キープレイヤーズは、日本のベンチャー企業のプレゼンスを知るために、東京証券取引所に上場している3879社を対象に、以下の条件を満たす企業がどれだけあるかを調べました。

・年末時点で時価総額が1000億円を超える年が3年続いた
・1998年3月25日以降にIPOした
・設立が1990年以降
・2023年4月時点で800億円以上の時価総額がある
・エネルギー、不動産、公共セクター。銀行は除く
・そのほか、有識者と相談のうえ、ベンチャーに該当しないと判断した企業は除く

その結果、SHIFT、クラス、ネクステージ、Freeeなど29社あることがわかりました。また「1998年以降に上場した時価総額800億円以上の企業」だけでみると175社ありました。

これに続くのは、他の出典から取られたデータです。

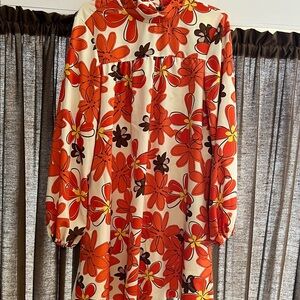 SHEIN Orange, Brown, Red Floral Midi Dress on Cream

比較のために、アメリカの証券取引市場の場合をみてみると、時価総額の条件を800億ドル(約10兆7450億円)に引き上げても、該当する企業が195社と日本を上回りました(ほかの条件は上記と同じ)。

アメリカと日本の経済規模に大きな差があることは、誰もがわかっていることです。それにしても、テスラやスペースXなど、新興企業が基幹産業の古参企業をどんどん追い抜く様子を見るにつけ、単に経済規模だけの話ではないようです。

キープレイヤーズの代表取締役、高野秀敏氏は、会社の設立年の条件を緩めると企業数が増えるのは、時価総額が大きい企業に占める古い会社の割合が大きいからだと分析しています。また、新興企業に投資家の資金が流れていないとも話しています。その理由として高野氏は、日本の環境が古いビジネスにおってまだ有利であること(新参者は入りづらい)、海外で起きている「古い会社からベンチャーが市場シェアを取る」ようなイノベーティブな事例が限られていることの2つをあげています。スタートアップが成長するための環境整備が必要だと同氏は話します。

政府の5カ年計画には、スタートアップ投資への税制優遇などのほかに、若者を海外で学ばせる仕組みなども盛り込まれています。これは、冒険を恐れて起業を躊躇する日本人のマインドの変革という、非常に根本的で大きな課題への挑戦となります。日本全体を活性化させるためには、子どものころからの教育も見直す必要がありそうです。